• The problem:
Each entry, as given, must be output unchanged.

• Data listing:
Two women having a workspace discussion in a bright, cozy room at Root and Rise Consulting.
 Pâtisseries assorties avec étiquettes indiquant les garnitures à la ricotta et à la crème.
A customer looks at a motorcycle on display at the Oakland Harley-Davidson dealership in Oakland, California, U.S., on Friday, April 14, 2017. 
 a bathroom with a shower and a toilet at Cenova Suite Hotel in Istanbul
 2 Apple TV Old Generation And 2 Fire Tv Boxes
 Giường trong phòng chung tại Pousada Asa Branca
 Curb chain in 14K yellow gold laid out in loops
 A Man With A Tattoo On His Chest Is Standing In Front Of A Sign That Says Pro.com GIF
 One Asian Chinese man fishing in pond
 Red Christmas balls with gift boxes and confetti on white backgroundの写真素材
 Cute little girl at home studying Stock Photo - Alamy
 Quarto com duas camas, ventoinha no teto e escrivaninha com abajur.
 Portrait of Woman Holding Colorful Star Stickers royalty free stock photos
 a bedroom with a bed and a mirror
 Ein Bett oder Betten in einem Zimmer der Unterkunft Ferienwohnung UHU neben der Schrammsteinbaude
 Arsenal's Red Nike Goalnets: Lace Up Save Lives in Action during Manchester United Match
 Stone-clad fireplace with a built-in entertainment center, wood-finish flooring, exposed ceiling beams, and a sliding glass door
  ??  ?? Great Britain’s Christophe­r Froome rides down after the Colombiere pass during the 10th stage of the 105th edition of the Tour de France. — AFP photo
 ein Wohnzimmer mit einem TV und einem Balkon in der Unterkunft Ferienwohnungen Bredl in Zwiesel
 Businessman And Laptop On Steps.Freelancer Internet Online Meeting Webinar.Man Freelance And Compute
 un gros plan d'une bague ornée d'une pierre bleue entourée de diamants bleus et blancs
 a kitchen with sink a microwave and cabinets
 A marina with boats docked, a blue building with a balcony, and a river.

• Completed task:
Two women having a workspace discussion in a bright, cozy room at Root and Rise Consulting.
 Pâtisseries assorties avec étiquettes indiquant les garnitures à la ricotta et à la crème.
A customer looks at a motorcycle on display at the Oakland Harley-Davidson dealership in Oakland, California, U.S., on Friday, April 14, 2017. 
 a bathroom with a shower and a toilet at Cenova Suite Hotel in Istanbul
 2 Apple TV Old Generation And 2 Fire Tv Boxes
 Giường trong phòng chung tại Pousada Asa Branca
 Curb chain in 14K yellow gold laid out in loops
 A Man With A Tattoo On His Chest Is Standing In Front Of A Sign That Says Pro.com GIF
 One Asian Chinese man fishing in pond
 Red Christmas balls with gift boxes and confetti on white backgroundの写真素材
 Cute little girl at home studying Stock Photo - Alamy
 Quarto com duas camas, ventoinha no teto e escrivaninha com abajur.
 Portrait of Woman Holding Colorful Star Stickers royalty free stock photos
 a bedroom with a bed and a mirror
 Ein Bett oder Betten in einem Zimmer der Unterkunft Ferienwohnung UHU neben der Schrammsteinbaude
 Arsenal's Red Nike Goalnets: Lace Up Save Lives in Action during Manchester United Match
 Stone-clad fireplace with a built-in entertainment center, wood-finish flooring, exposed ceiling beams, and a sliding glass door
  ??  ?? Great Britain’s Christophe­r Froome rides down after the Colombiere pass during the 10th stage of the 105th edition of the Tour de France. — AFP photo
 ein Wohnzimmer mit einem TV und einem Balkon in der Unterkunft Ferienwohnungen Bredl in Zwiesel
 Businessman And Laptop On Steps.Freelancer Internet Online Meeting Webinar.Man Freelance And Compute
 un gros plan d'une bague ornée d'une pierre bleue entourée de diamants bleus et blancs
 a kitchen with sink a microwave and cabinets
 A marina with boats docked, a blue building with a balcony, and a river.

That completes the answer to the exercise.